Because fall has arrived and the weather has cooled down, it’s harder to stay motivated to hit the gym or work out. Even as a trainer myself, I recognize this challenge. That is why it’s important to find motivation and inspiration from unlikely places. This led me—and my coworker—to develop the 30-day stair challenge!
I work in a nine-story office building, and conveniently, I work on the first floor. One day, I had to make a trip to the eighth floor, so as I normally would, I pushed the button for the elevator. There was another people waiting for the elevator as well. I waited. He waited. We waited and waited. The gentleman then turned to me and informed me that he’s been waiting for a while—ugh. Another woman approached and we explained to her that we were waiting for a long time. She then suggested we simply take the stairs. The stairs?! I have eight floors to go! But because the other two opted for the stairs, I didn’t want to be the only person still waiting for the elevator.
So, we all entered the stairwell together. The women got off on the second floor—clearly not much of a walk. The first gentleman stepped off on the fifth floor—getting higher now. Here I was with three more floors left, but I knew I had to push through.
Needless to say, I got to the top and felt like dying! My legs were on fire, I couldn’t breathe, and boy was I sweating. There’s something about stairs that are just the worst! I can run kilometers, I can teach hour-long Zumba classes, but I CANNOT do stairs! Because I was “dying,” I opted to take the elevator back down.
When I came back down I immediately told my co-workers about the ordeal I just went through. A triumph none the less, but such a painful struggle. My legs were shaking and throbbing. They had never experienced such pain.
But the re-telling of my horrific experience prompted my co-worker to suggest always climbing the stairs, every day, for 30 days. At first, I thought that was a horrible idea because I still felt like death, but I soon realized that it was probably one of the best ideas out there. Why not utilize something at work to get fit? We both sit for long hours every day, so it was a great way to get moving and bring up our heart rates. If you haven’t heard, prolonged sitting is the new smoking, so trying to be as active as possible throughout the day is highly necessary.

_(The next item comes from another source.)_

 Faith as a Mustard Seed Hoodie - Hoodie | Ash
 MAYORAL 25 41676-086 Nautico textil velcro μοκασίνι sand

At that very moment, we made a pact to climb the stairs, but not only to the eighth floor, all the way to the ninth!
We started this challenge on October 20, and set a calendar reminder daily for 11:45 am.
That Friday at 11:45, we entered the stairwell and began our timer. It took us 4 minutes and 41 seconds to complete. Not too bad considering that it was our first day, and frankly, we didn’t know what to expect.
Because it was the weekend, we had a two-day break, and boy did that make Monday rough. Our time was 4 minutes and 43 seconds, but I swear it hurt so much more!
Here is the rest of our progress so far:
As you can see, there was some definite progress! Even though the times have improved, I’m not sure if I can say the challenge itself is getting any easier. Our legs still burn, and we still end up short of breath once we reach the top. But we still have three weeks left, and I’ll be sure to keep you all updated.
My coworker suggested that maybe we keep this habit up even after the 30 days, and that actually sounds like a great idea. Not because I love climbing stairs because believe me. I don’t, but because we can keep each other motivated and it’s an easy and great way to stay fit throughout the winter and the upcoming holiday season.
In two weeks, I will have more stats for you, and I’ll be sure to let you know if there are any noticeable differences.
In the meantime, why not start your own challenge? Maybe it’s squatting every day, or even planking. Just pick an activity and complete it every day! It’s such an amazing feeling to track your progression and spot any changes that may occur. Whether you lose weight, become stronger, or improve your cardiovascular health, these are all great benefits to experience.